## Directions
Print the lines that start the entries and continue through the one holding "The image presents", please, exactly and with the pictures omitted.

## Dataset records
════════════════════

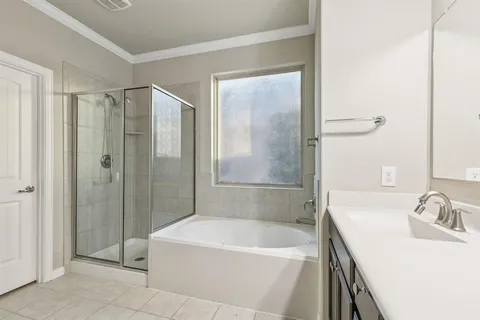 a white bath tub sitting next to a white sink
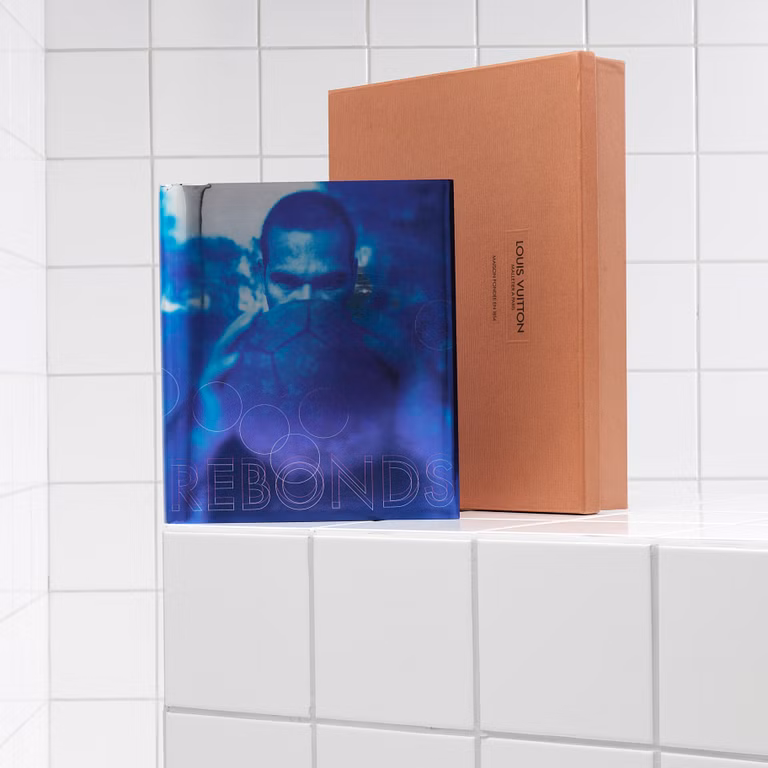 The Louis Vuitton Rebonds collector's book displayed alongside its signature orange presentation box on a white tiled surface. The book features a blue-toned cover with a portrait partially obscured by a soccer ball, reflecting the publication's intersection of football, fashion, and contemporary culture.
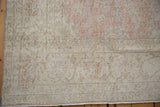 Detail of the worn, hand-knotted floral border on a distressed Turkish Sparta rug.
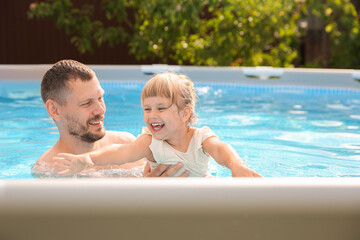 Wall Mural - Happy daughter and her father resting in swimming pool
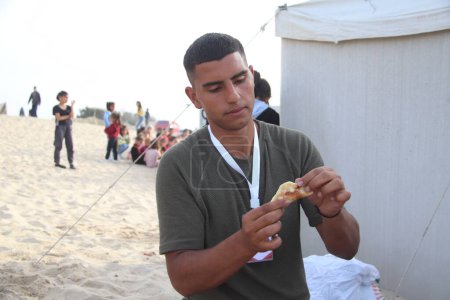 Téléchargez les photos : L'équipe de bénévoles de Gaza divertit les enfants avec Qatayef. 28 mars 2024, Khan Yunis, Gaza, Palestine : Un événement organisé par l'équipe de volontaires de Gaza sur la mer de Mawasi à Khan Yunis pour faire du Qatayef et divertir les enfants - en image libre de droit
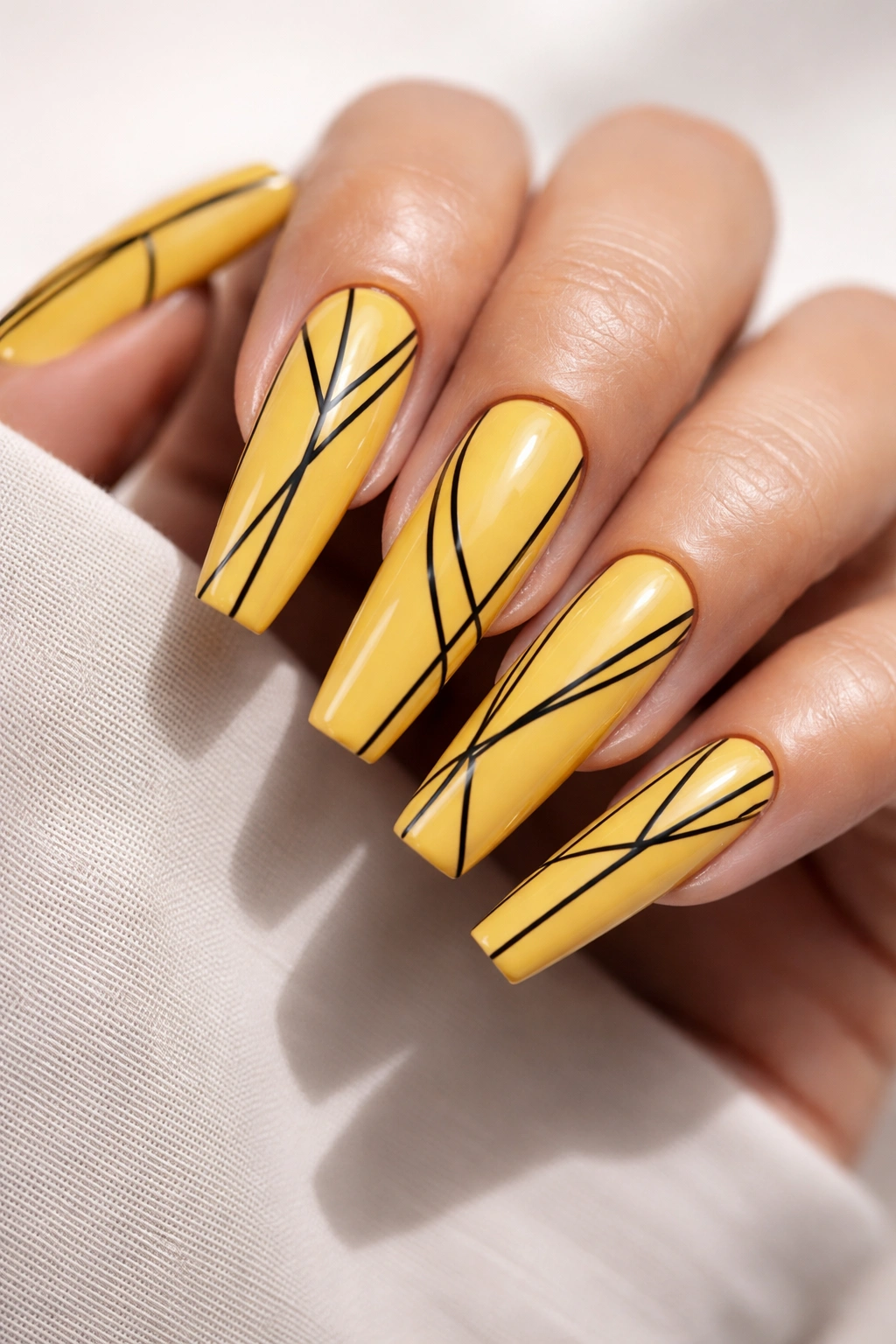 Close-up of yellow coffin nails with black geometric line art.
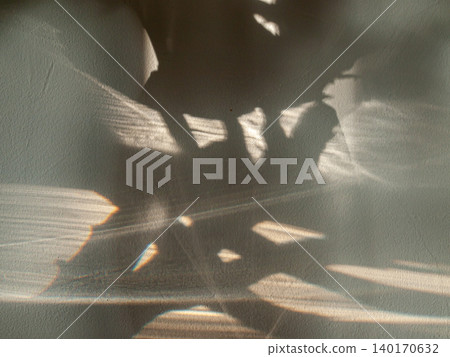 Abstract composition of a sunset light caustic effect and two glass vases. 140170632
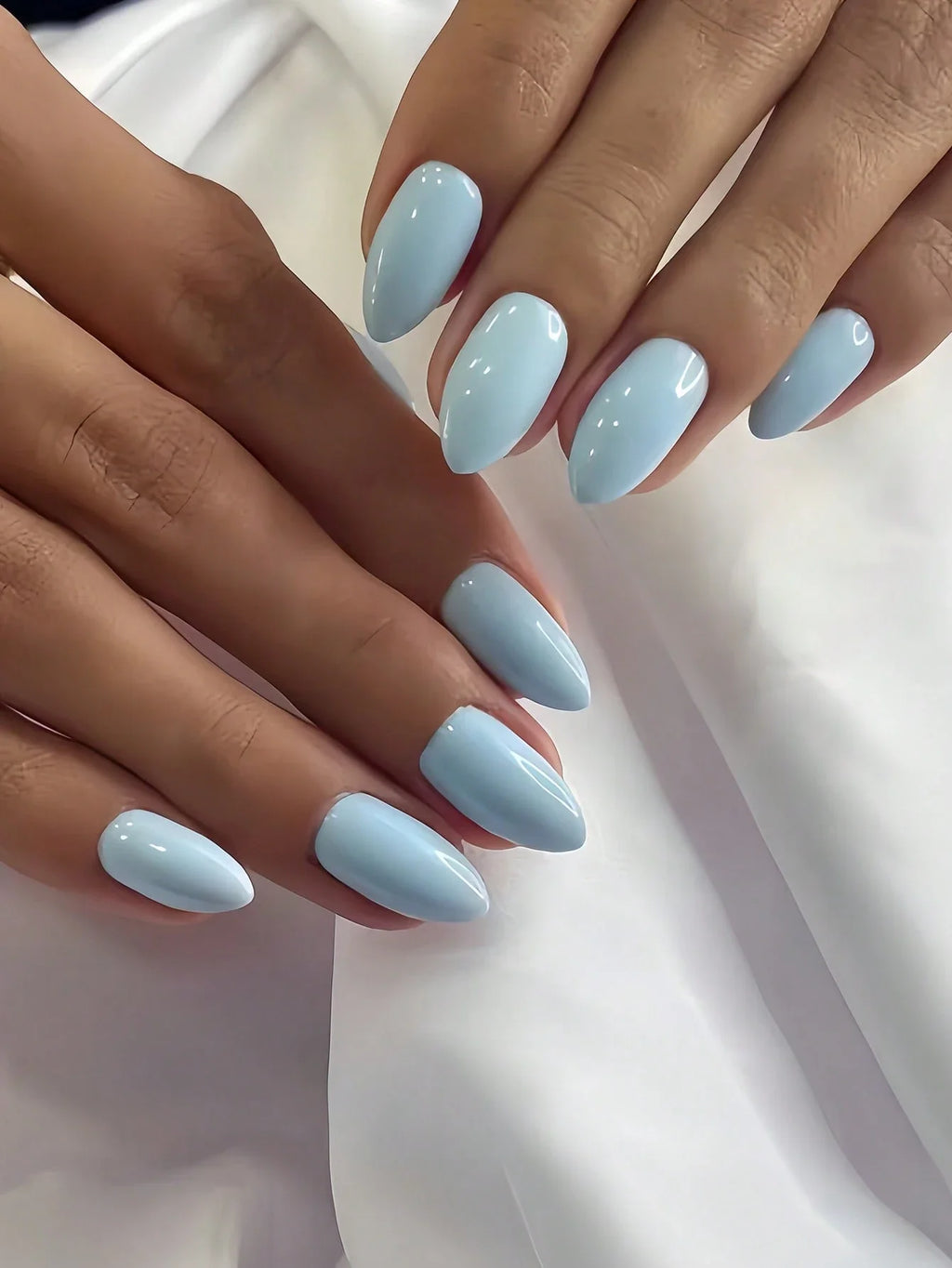 Close-up of hands with light blue nail polish on a white background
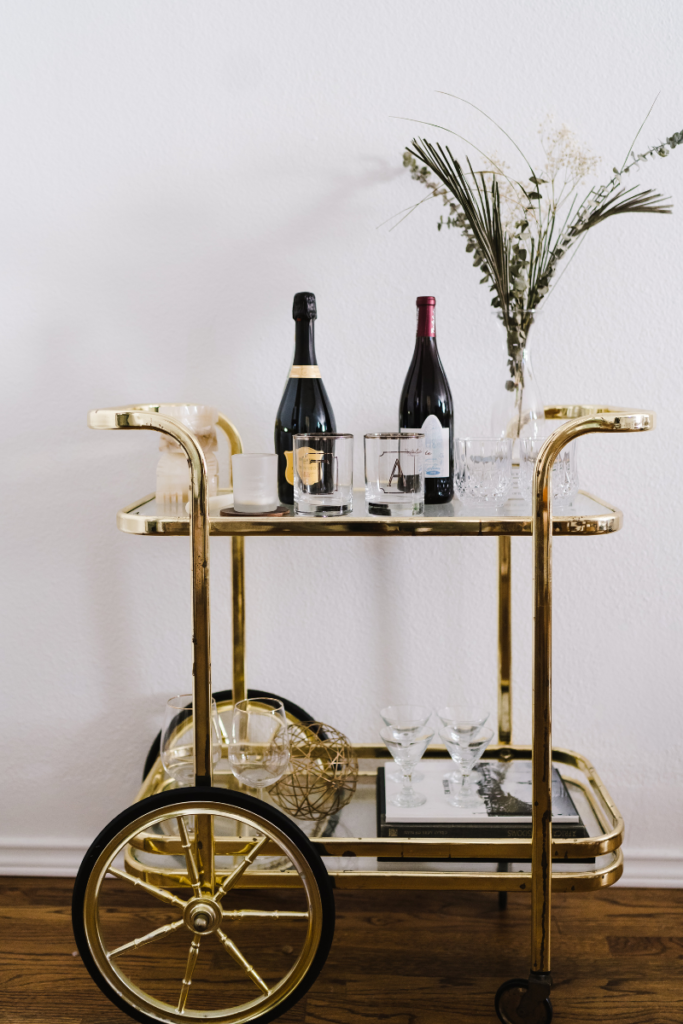 Gold bar cart with champagne bottles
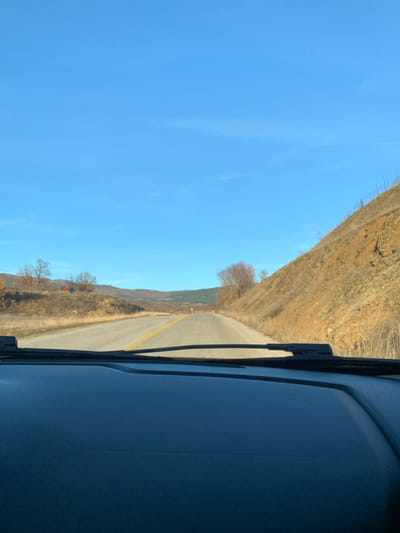 The image presents a driver's-eye view from inside a vehicle, looking out onto a road winding through a dry, hilly landscape in Grevena, Greece. The perspective is through the car's windshield, with the dark dashboard and a segment of a windshield wiper visible on the right side of the frame.

A paved road, marked by a solid yellow double line down its center, curves gently into the distance, suggesting a path through mountainous or rural terrain. On both sides of the road, the land rises into steep, dry hills. These hills are covered with sparse, light brown vegetation and scattered, bare deciduous trees, indicating a dry season, possibly late autumn or winter. The overall color palette of the landscape is dominated by earthy tones of brown, yellow, and orange.

Above the rugged terrain, the sky is a bright, clear blue, stretching across the upper left quadrant of the image. A few faint, wispy cloud formations or contrails are visible, but the sky is predominantly clear and unblemished, suggesting sunny weather conditions. The bright lighting indicates it is daytime, likely morning or early afternoon.

No individuals are visible in the scene, conveying a sense of serene solitude on the road. There is no discernible text within the image. The photograph captures a tranquil moment of travel through a natural, rugged environment.
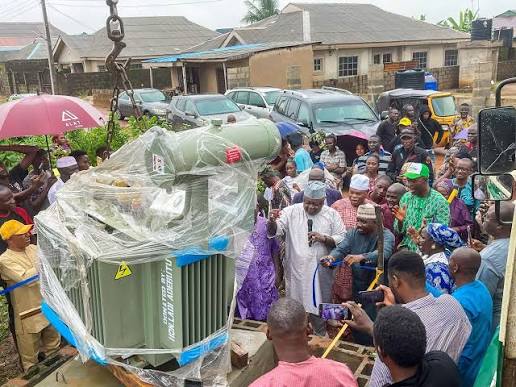 Community members gathered during installation of a LADO-donated transformer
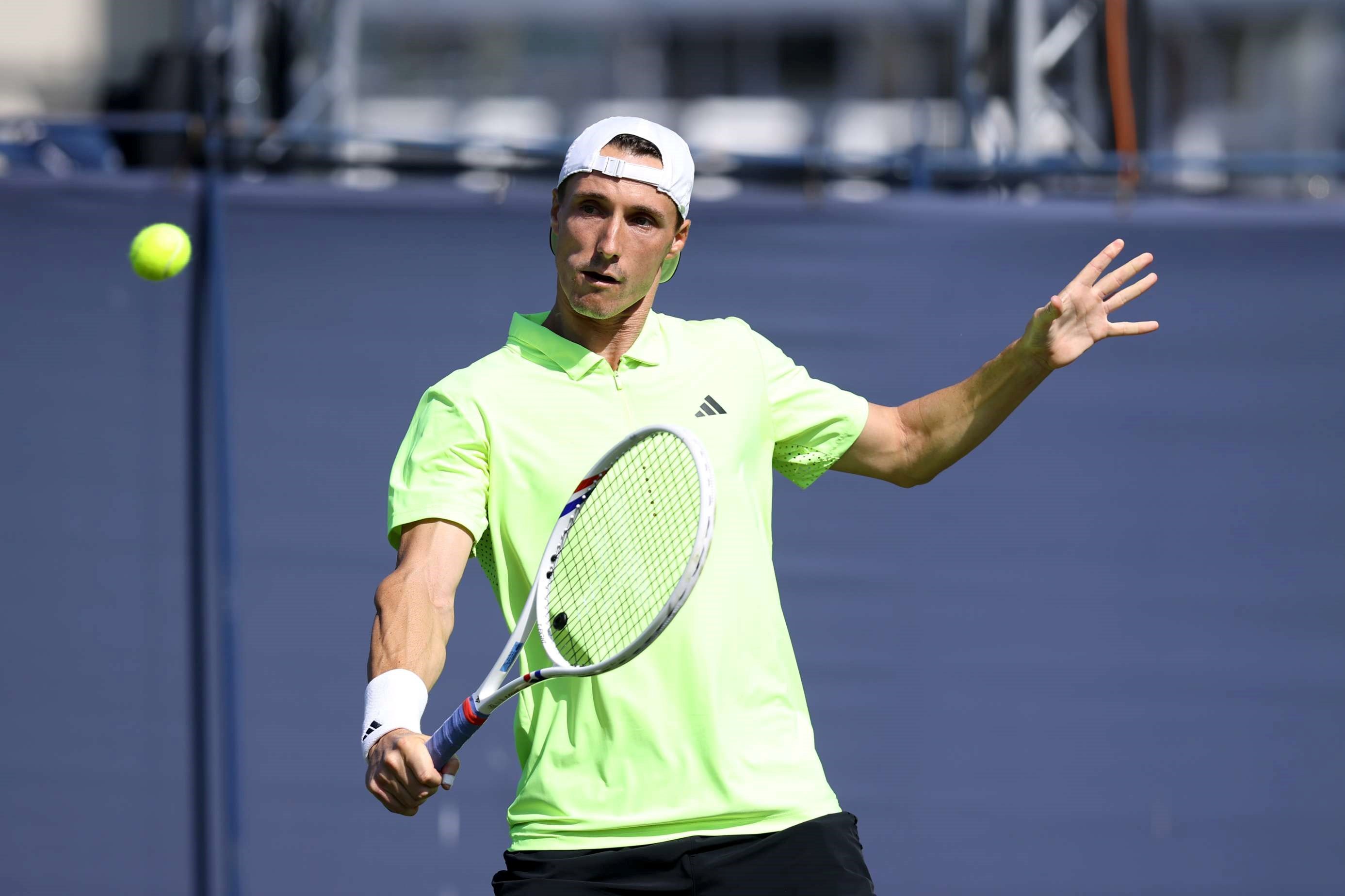 British doubles player Joe Salisbury holding his racket out in front of him to hit a backhand slice on court at the Lexus Eastbourne Open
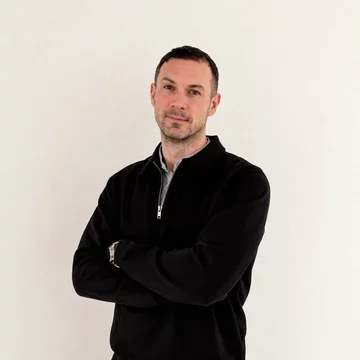 Ein Mann steht mit verschränkten Armen vor einem neutralen, hellen Hintergrund. Er trägt einen schwarzen Pullover und blickt direkt in die Kamera. Sein Ausdruck wirkt selbstbewusst und freundlich.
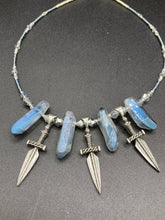 Load image into Gallery viewer, This elegant and dark necklace features shimmering light silver and gray glass beads of varying sizes and shapes for texture and dimension. The necklace is finished with blue luster crystal stone nuggets and nickel-free dagger pendants, creating a beautiful draping effect. Measurements:   Necklace is 17”adjustable up to 19&quot;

════════════════════

## Written answer
 a white bath tub sitting next to a white sink
 The Louis Vuitton Rebonds collector's book displayed alongside its signature orange presentation box on a white tiled surface. The book features a blue-toned cover with a portrait partially obscured by a soccer ball, reflecting the publication's intersection of football, fashion, and contemporary culture.
 Detail of the worn, hand-knotted floral border on a distressed Turkish Sparta rug.
 Wall Mural - Happy daughter and her father resting in swimming pool
 Téléchargez les photos : L'équipe de bénévoles de Gaza divertit les enfants avec Qatayef. 28 mars 2024, Khan Yunis, Gaza, Palestine : Un événement organisé par l'équipe de volontaires de Gaza sur la mer de Mawasi à Khan Yunis pour faire du Qatayef et divertir les enfants - en image libre de droit
 Close-up of yellow coffin nails with black geometric line art.
 Abstract composition of a sunset light caustic effect and two glass vases. 140170632
 Close-up of hands with light blue nail polish on a white background
 Gold bar cart with champagne bottles
 The image presents a driver's-eye view from inside a vehicle, looking out onto a road winding through a dry, hilly landscape in Grevena, Greece. The perspective is through the car's windshield, with the dark dashboard and a segment of a windshield wiper visible on the right side of the frame.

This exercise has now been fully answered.